Priyanka Anvekar; Paul Stephens Jr; Renzo J C Calderon-Anyosa; Hunter L Kauffman; Danielle S Burstein; Alyssa L Ritter; Rebecca C Ahrens-Nicklas; Victoria L Vetter; Anirban Banerjee

doi:10.1007/s00246-023-03281-z

Electrocardiographic Findings in Genotype-Positive and Non-sarcomeric Children with Definite Hypertrophic Cardiomyopathy and Subclinical Variant Carriers

Pediatr Cardiol. 2023 Sep 19. doi: 10.1007/s00246-023-03281-z. Online ahead of print.

Authors

Priyanka Anvekar¹, Paul Stephens Jr^{2

3}, Renzo J C Calderon-Anyosa⁴, Hunter L Kauffman², Danielle S Burstein^{2

3}, Alyssa L Ritter⁵, Rebecca C Ahrens-Nicklas^{5

3}, Victoria L Vetter^{2

3}, Anirban Banerjee^{2

3}

Affiliations

¹ Division of Cardiology, Department of Pediatrics, The Children's Hospital of Philadelphia, 3401 Civic Center Blvd, Philadelphia, PA, 19104, USA. Priyankaanvekar.pa@gmail.com.
² Division of Cardiology, Department of Pediatrics, The Children's Hospital of Philadelphia, 3401 Civic Center Blvd, Philadelphia, PA, 19104, USA.
³ Perelman School of Medicine, University of Pennsylvania, Philadelphia, PA, USA.
⁴ McGill University, Montreal, QC, H3A 0G4, Canada.
⁵ Division of Human Genetics and Metabolism, Department of Pediatrics, The Children's Hospital of Philadelphia, Philadelphia, PA, 19104, USA.

PMID: 37725123
DOI: 10.1007/s00246-023-03281-z

Abstract

In children with hypertrophic cardiomyopathy (HCM), the genotype-phenotype association of abnormal electrocardiographic (ECG) features in the backdrop of gene positivity has not been well described. This study aimed to describe the abnormal ECG findings in children with HCM harboring who have genetic variants and determine the association with major adverse cardiac events (MACE). We retrospectively analyzed 81 variants-positive, phenotype-positive (V+P+), 66 variant-positive, phenotype-negative (V+P-), and 85 non-sarcomeric subjects. We analyzed ECG findings and clinical outcomes in the three groups of subjects.
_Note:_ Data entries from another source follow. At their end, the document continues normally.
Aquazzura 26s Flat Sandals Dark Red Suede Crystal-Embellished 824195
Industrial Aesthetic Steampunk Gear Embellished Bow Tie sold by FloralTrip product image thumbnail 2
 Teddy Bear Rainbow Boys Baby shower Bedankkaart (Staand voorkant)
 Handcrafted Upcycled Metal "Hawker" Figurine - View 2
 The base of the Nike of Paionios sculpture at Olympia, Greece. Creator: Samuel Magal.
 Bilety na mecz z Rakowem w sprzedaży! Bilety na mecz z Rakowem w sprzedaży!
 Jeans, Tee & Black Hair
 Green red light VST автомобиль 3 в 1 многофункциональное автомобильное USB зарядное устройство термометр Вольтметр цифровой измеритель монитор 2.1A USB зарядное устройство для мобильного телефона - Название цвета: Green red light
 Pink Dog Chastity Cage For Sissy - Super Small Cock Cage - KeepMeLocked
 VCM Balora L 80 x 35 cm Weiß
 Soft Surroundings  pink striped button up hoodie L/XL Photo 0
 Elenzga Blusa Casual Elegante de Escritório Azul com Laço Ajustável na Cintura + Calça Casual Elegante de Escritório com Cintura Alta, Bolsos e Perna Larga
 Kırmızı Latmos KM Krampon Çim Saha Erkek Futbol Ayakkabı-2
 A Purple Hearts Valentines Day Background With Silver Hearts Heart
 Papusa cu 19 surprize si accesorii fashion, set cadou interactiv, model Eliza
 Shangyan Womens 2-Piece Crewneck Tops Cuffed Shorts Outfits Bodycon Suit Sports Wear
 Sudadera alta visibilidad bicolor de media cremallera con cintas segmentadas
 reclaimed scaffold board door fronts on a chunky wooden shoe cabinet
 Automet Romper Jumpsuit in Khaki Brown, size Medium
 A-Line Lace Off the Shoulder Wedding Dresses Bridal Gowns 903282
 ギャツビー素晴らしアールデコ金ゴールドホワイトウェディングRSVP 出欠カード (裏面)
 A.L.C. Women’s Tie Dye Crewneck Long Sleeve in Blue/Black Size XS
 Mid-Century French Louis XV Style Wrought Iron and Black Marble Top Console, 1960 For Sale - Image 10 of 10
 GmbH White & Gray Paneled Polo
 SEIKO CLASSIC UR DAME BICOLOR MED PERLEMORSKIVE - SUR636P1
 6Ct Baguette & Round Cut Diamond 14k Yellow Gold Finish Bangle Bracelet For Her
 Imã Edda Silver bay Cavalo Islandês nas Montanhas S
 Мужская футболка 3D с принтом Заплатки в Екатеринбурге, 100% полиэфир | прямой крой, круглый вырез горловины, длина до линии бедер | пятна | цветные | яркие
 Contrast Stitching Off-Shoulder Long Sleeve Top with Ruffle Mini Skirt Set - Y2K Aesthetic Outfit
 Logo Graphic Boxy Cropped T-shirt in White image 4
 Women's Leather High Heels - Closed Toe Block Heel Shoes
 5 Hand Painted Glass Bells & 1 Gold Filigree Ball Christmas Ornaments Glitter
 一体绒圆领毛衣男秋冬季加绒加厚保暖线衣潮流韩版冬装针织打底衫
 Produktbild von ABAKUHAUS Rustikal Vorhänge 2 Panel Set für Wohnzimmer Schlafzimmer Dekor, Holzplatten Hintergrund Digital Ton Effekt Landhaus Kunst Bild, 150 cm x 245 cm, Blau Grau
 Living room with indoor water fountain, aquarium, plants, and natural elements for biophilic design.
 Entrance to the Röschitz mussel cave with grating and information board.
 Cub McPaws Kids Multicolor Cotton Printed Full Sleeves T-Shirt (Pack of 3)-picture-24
Repolarization abnormalities (ST and T wave changes) and pathologic Q waves were the most common abnormalities in variant and non-sarcomeric subjects. The V+P+ group showed higher occurrence of ST segment changes and T wave abnormalities compared to V+P- group. Independent predictors of MACE included ST segment changes (OR 3.54, CI 1.20-10.47, p = 0.022). T wave changes alone did not predict outcome (OR 2.13, CI 0.75-6.07, p = 0.157), but combined repolarization abnormalities (ST+T changes) were strong predictors of MACE (OR 5.84, CI 1.43-23.7, p = 0.014) than ST segment changes alone. Maximal wall z score by echocardiography was a predictor of MACE (OR 1.21, CI 1.07-1.37, p = 0.002). Despite the presence of significant myocardial hypertrophy (z score > 4.7), voltage criteria for LVH were much less predictive. In the non-sarcomeric group, RVH was significantly associated with MACE (OR 3.85, CI 1.08-13.73, p = 0.038). These abnormal ECG findings described on the platform of known genetic status and known myocardial hypertrophy may add incremental value to the diagnosis and surveillance of disease progression in children with HCM. Select ECG findings, particularly repolarization abnormalities, may serve as predictors of MACE in children.

Keywords: Electrocardiogram; Gene variants; Hypertrophic cardiomyopathy (HCM); Non-sarcomeric HCM; Repolarization abnormalities; Sarcomeric HCM; Sudden cardiac death (SCD).